Researchers in Chicago have started a pilot study to see if a wearable sensor can safely monitor COVID-19 patients at home.
The University of Illinois health system has partnered with PhysIQ, a digital medicine startup, to develop artificial intelligence (AI) that people with COVID-19 could wear that would track vital signs like oxygen levels and heart rate.
Doctors will watch the signs remotely and if the system shows something is wrong, they can contact patients and tell them to go to a hospital.
The team says the sensor will not only help prevent hospitals from becoming overcrowded, it will keep patients from not caring until it’s too late.
The University of Illinois Health System has partnered with PhysIQ, a digital medicine startup, to develop wearable technology for COVID-19 patients (Courtesy NBC5)
A chest-worn sensor tracks the patient’s vital signs, including oxygen levels and heart rate, connected to a smartphone via bluetooth (courtesy of NBC5)
According to the MIT Technology Review, every patient receives a take-away kit with a pulse oximeter, a sensor patch with Bluetooth, and a paired smartphone.
The patch that is worn on the chest uses an AI algorithm to determine a patient’s normal vital signs.
If a patient has a different oxygen level or a different heart rate, the patch sends data to the smartphone, which alerts the doctors.

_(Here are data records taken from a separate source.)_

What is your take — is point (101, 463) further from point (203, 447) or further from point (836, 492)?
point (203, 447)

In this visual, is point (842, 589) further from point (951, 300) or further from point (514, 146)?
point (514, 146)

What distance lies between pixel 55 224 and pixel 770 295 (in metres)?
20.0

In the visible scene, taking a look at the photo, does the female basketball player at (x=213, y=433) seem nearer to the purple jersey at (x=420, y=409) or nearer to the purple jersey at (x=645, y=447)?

“It’s a tremendous benefit,” said Dr. Terry Vanden Hoek, director of emergency medicine at the University of Illinois Health, the MIT Technology Review.
“You may be breathing faster, your activity level may drop, or your heart rate may differ from your baseline.

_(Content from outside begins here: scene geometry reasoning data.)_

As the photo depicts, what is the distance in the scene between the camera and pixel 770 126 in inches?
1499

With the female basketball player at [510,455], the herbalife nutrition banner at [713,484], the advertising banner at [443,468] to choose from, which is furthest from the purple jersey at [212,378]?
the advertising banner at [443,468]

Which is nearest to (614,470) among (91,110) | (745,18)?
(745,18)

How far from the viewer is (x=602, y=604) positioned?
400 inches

Doctors like Dr. Terry Vanden Hoek (pictured) will remotely monitor the data and contact patients if the warnings are abnormal and tell them to go to a hospital
A trained doctor can look at the warnings and contact the patient and tell them to go to a doctor’s office or hospital, he explained.
It happened to Angela Mitchell, 59, who tested positive for COVID-19 in July 2020 while working as a pharmacy technician at the University of Illinois Hospital in Chicago.
Mitchell told MIT Technology Review that they could either quarantine themselves in a hotel or isolate themselves at home and get the patch for 24/7 monitoring, and they opted for the latter.
She woke up for two nights in isolation and could not breathe.
She went to the bathroom to take a shower, but she was sweating, dizzy, and trying to catch her breath.
“I was sitting in the bathroom literally holding on to the sink when my phone rang,” Mitchell told the MIT Technology Review.
The call came from doctors at the hospital who had remotely monitored her vital signs through the patch she was wearing.
They told her she had to go to an emergency room straight away.
She was late but received another call that morning telling her that an ambulance would be called for her if she didn’t get to the hospital.
Her husband drove to the Northwestern Memorial in Chicago, and upon admission, doctors told her that her oxygen levels had dropped to dangerously low levels.
She stayed in the hospital for a week.
“I owe this surveillance system my life,” Mitchell told the MIT Technology Review.
“This device is used in communities that are deprived of these possibilities. That can help everyone. ‘
The study is now recruiting about 1,700 participants from across Chicago, many of whom are at higher risk because they have underlying conditions like obesity or diabetes, or are people of color, including African Americans and Latinos.
“When you work in the emergency room, it’s sad to see patients who have waited too long to get help,” Vanden Hoek told MIT Technology Review.
“You would need intensive care on a ventilator. They couldn’t help but ask, “If we could have warned you four days earlier, could we have prevented all of this?